By Teresa Gomez, Communications and Marketing

24 February 2020 - 09:42

In February, in keeping with our multicultural spirit, the School always takes part in one of the most popular and oldest festivities, Carnival. On this day, our students in Early Years and Primary, give up their school uniform and change into superhero, gnome, rocker, medieval knight and many other costumes. The School corridors are filled with colour and music, and in very good spirits we are ready for the Half Term holiday and the beginning of the countdown towards Spring.

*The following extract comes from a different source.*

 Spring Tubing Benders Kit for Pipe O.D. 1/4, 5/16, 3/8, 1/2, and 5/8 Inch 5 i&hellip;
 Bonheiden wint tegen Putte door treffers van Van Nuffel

We fight off the cold and grey weather of Winter with a multi-coloured Carnival, a very well established festivity in Europe, which takes place just before Lent (this begins on Ash Wednesday). Its date varies therefore, between February and March. It seems likely that its origins lie in pagan festivals, such as the ones held in honour of Baccus, the Roman God of Wine, the Saturnalia and Lupercalia festivals, or the ones celebrated in honour of Apis in Egypt. According to some historians, the origin of such festivals goes back to Ancient Sumeria and Ancient Egypt, more than 5000 years ago. Here we find very similar celebrations to the ones in Ancient Rome, from where the tradition then spread, with Portuguese and Spanish sailors taking it to the Americas at the end of the 15th Century.

For us, this year, Carnaval means above all else, the beginning of the much deserved Half Term holiday.